### The data ###

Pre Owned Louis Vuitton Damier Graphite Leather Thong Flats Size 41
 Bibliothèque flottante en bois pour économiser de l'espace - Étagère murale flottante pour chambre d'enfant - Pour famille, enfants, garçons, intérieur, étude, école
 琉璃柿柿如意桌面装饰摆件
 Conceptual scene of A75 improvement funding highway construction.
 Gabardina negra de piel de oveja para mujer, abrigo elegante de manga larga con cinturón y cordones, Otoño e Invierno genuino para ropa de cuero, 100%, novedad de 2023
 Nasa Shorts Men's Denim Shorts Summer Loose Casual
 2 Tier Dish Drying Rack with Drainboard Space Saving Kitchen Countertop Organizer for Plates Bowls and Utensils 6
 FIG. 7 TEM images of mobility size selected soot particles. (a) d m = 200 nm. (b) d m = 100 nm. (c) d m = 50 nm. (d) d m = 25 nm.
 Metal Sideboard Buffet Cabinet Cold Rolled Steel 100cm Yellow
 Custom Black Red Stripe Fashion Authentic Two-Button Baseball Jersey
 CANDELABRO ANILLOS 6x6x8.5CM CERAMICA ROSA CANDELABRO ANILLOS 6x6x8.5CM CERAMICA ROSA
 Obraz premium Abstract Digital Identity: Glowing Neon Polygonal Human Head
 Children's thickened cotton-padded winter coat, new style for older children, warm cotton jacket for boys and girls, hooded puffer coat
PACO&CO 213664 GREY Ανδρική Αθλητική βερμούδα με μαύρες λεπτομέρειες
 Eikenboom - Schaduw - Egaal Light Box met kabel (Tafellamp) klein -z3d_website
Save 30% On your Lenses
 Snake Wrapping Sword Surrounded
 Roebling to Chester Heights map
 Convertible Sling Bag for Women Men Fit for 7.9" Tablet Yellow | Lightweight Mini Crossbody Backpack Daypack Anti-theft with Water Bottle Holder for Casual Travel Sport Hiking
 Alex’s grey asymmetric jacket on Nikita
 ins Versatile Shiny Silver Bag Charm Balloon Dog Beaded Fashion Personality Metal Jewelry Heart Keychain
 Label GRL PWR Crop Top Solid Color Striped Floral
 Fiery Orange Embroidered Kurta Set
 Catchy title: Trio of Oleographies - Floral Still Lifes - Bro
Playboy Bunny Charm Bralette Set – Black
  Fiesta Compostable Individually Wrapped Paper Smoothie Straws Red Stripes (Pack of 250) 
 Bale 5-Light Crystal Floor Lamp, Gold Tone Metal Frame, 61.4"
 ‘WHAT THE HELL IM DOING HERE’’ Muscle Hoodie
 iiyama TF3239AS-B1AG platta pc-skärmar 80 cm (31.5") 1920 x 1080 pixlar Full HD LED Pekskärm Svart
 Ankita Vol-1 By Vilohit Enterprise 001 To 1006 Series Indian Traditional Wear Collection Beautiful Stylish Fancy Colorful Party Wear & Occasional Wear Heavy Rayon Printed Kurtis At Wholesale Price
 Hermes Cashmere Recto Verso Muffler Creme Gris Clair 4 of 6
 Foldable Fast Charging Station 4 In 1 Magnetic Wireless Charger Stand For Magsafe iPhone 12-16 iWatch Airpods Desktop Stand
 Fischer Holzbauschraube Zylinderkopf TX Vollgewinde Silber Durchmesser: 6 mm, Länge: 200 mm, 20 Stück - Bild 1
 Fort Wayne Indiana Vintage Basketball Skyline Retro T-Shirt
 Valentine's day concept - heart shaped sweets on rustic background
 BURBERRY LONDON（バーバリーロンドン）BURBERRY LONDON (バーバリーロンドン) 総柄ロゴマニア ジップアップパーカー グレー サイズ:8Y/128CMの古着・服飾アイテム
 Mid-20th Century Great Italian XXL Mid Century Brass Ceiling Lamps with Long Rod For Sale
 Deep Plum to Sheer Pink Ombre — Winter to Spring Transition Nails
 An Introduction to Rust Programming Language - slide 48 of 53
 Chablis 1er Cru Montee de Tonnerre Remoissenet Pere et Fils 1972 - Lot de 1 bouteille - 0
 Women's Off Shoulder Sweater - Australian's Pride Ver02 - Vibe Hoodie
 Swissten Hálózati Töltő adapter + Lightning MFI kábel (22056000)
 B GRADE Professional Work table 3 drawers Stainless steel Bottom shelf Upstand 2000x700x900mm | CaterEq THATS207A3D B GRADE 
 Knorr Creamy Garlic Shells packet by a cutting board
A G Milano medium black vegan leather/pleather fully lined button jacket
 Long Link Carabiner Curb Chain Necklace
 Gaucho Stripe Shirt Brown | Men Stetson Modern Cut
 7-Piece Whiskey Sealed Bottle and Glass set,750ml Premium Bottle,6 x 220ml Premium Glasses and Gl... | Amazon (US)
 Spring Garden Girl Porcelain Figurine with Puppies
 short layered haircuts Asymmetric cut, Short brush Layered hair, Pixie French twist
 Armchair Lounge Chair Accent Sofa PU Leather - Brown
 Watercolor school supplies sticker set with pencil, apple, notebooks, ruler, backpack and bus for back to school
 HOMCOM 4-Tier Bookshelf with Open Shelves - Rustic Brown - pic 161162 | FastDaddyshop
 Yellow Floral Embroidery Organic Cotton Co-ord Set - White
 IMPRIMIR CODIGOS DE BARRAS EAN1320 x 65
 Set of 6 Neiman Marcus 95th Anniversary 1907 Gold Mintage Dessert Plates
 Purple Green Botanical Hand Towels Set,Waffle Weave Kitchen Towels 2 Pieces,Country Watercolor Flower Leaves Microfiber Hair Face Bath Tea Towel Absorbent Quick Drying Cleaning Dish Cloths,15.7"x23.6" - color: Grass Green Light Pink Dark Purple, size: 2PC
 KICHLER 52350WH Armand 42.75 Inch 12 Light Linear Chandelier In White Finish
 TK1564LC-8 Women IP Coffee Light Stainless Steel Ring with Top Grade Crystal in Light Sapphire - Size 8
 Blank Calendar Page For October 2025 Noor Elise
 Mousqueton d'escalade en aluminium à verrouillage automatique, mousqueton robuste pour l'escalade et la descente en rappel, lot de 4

###

Keep every word as given and return the full listing.

Pre Owned Louis Vuitton Damier Graphite Leather Thong Flats Size 41
 Bibliothèque flottante en bois pour économiser de l'espace - Étagère murale flottante pour chambre d'enfant - Pour famille, enfants, garçons, intérieur, étude, école
 琉璃柿柿如意桌面装饰摆件
 Conceptual scene of A75 improvement funding highway construction.
 Gabardina negra de piel de oveja para mujer, abrigo elegante de manga larga con cinturón y cordones, Otoño e Invierno genuino para ropa de cuero, 100%, novedad de 2023
 Nasa Shorts Men's Denim Shorts Summer Loose Casual
 2 Tier Dish Drying Rack with Drainboard Space Saving Kitchen Countertop Organizer for Plates Bowls and Utensils 6
 FIG. 7 TEM images of mobility size selected soot particles. (a) d m = 200 nm. (b) d m = 100 nm. (c) d m = 50 nm. (d) d m = 25 nm.
 Metal Sideboard Buffet Cabinet Cold Rolled Steel 100cm Yellow
 Custom Black Red Stripe Fashion Authentic Two-Button Baseball Jersey
 CANDELABRO ANILLOS 6x6x8.5CM CERAMICA ROSA CANDELABRO ANILLOS 6x6x8.5CM CERAMICA ROSA
 Obraz premium Abstract Digital Identity: Glowing Neon Polygonal Human Head
 Children's thickened cotton-padded winter coat, new style for older children, warm cotton jacket for boys and girls, hooded puffer coat
PACO&CO 213664 GREY Ανδρική Αθλητική βερμούδα με μαύρες λεπτομέρειες
 Eikenboom - Schaduw - Egaal Light Box met kabel (Tafellamp) klein -z3d_website
Save 30% On your Lenses
 Snake Wrapping Sword Surrounded
 Roebling to Chester Heights map
 Convertible Sling Bag for Women Men Fit for 7.9" Tablet Yellow | Lightweight Mini Crossbody Backpack Daypack Anti-theft with Water Bottle Holder for Casual Travel Sport Hiking
 Alex’s grey asymmetric jacket on Nikita
 ins Versatile Shiny Silver Bag Charm Balloon Dog Beaded Fashion Personality Metal Jewelry Heart Keychain
 Label GRL PWR Crop Top Solid Color Striped Floral
 Fiery Orange Embroidered Kurta Set
 Catchy title: Trio of Oleographies - Floral Still Lifes - Bro
Playboy Bunny Charm Bralette Set – Black
  Fiesta Compostable Individually Wrapped Paper Smoothie Straws Red Stripes (Pack of 250) 
 Bale 5-Light Crystal Floor Lamp, Gold Tone Metal Frame, 61.4"
 ‘WHAT THE HELL IM DOING HERE’’ Muscle Hoodie
 iiyama TF3239AS-B1AG platta pc-skärmar 80 cm (31.5") 1920 x 1080 pixlar Full HD LED Pekskärm Svart
 Ankita Vol-1 By Vilohit Enterprise 001 To 1006 Series Indian Traditional Wear Collection Beautiful Stylish Fancy Colorful Party Wear & Occasional Wear Heavy Rayon Printed Kurtis At Wholesale Price
 Hermes Cashmere Recto Verso Muffler Creme Gris Clair 4 of 6
 Foldable Fast Charging Station 4 In 1 Magnetic Wireless Charger Stand For Magsafe iPhone 12-16 iWatch Airpods Desktop Stand
 Fischer Holzbauschraube Zylinderkopf TX Vollgewinde Silber Durchmesser: 6 mm, Länge: 200 mm, 20 Stück - Bild 1
 Fort Wayne Indiana Vintage Basketball Skyline Retro T-Shirt
 Valentine's day concept - heart shaped sweets on rustic background
 BURBERRY LONDON（バーバリーロンドン）BURBERRY LONDON (バーバリーロンドン) 総柄ロゴマニア ジップアップパーカー グレー サイズ:8Y/128CMの古着・服飾アイテム
 Mid-20th Century Great Italian XXL Mid Century Brass Ceiling Lamps with Long Rod For Sale
 Deep Plum to Sheer Pink Ombre — Winter to Spring Transition Nails
 An Introduction to Rust Programming Language - slide 48 of 53
 Chablis 1er Cru Montee de Tonnerre Remoissenet Pere et Fils 1972 - Lot de 1 bouteille - 0
 Women's Off Shoulder Sweater - Australian's Pride Ver02 - Vibe Hoodie
 Swissten Hálózati Töltő adapter + Lightning MFI kábel (22056000)
 B GRADE Professional Work table 3 drawers Stainless steel Bottom shelf Upstand 2000x700x900mm | CaterEq THATS207A3D B GRADE 
 Knorr Creamy Garlic Shells packet by a cutting board
A G Milano medium black vegan leather/pleather fully lined button jacket
 Long Link Carabiner Curb Chain Necklace
 Gaucho Stripe Shirt Brown | Men Stetson Modern Cut
 7-Piece Whiskey Sealed Bottle and Glass set,750ml Premium Bottle,6 x 220ml Premium Glasses and Gl... | Amazon (US)
 Spring Garden Girl Porcelain Figurine with Puppies
 short layered haircuts Asymmetric cut, Short brush Layered hair, Pixie French twist
 Armchair Lounge Chair Accent Sofa PU Leather - Brown
 Watercolor school supplies sticker set with pencil, apple, notebooks, ruler, backpack and bus for back to school
 HOMCOM 4-Tier Bookshelf with Open Shelves - Rustic Brown - pic 161162 | FastDaddyshop
 Yellow Floral Embroidery Organic Cotton Co-ord Set - White
 IMPRIMIR CODIGOS DE BARRAS EAN1320 x 65
 Set of 6 Neiman Marcus 95th Anniversary 1907 Gold Mintage Dessert Plates
 Purple Green Botanical Hand Towels Set,Waffle Weave Kitchen Towels 2 Pieces,Country Watercolor Flower Leaves Microfiber Hair Face Bath Tea Towel Absorbent Quick Drying Cleaning Dish Cloths,15.7"x23.6" - color: Grass Green Light Pink Dark Purple, size: 2PC
 KICHLER 52350WH Armand 42.75 Inch 12 Light Linear Chandelier In White Finish
 TK1564LC-8 Women IP Coffee Light Stainless Steel Ring with Top Grade Crystal in Light Sapphire - Size 8
 Blank Calendar Page For October 2025 Noor Elise
 Mousqueton d'escalade en aluminium à verrouillage automatique, mousqueton robuste pour l'escalade et la descente en rappel, lot de 4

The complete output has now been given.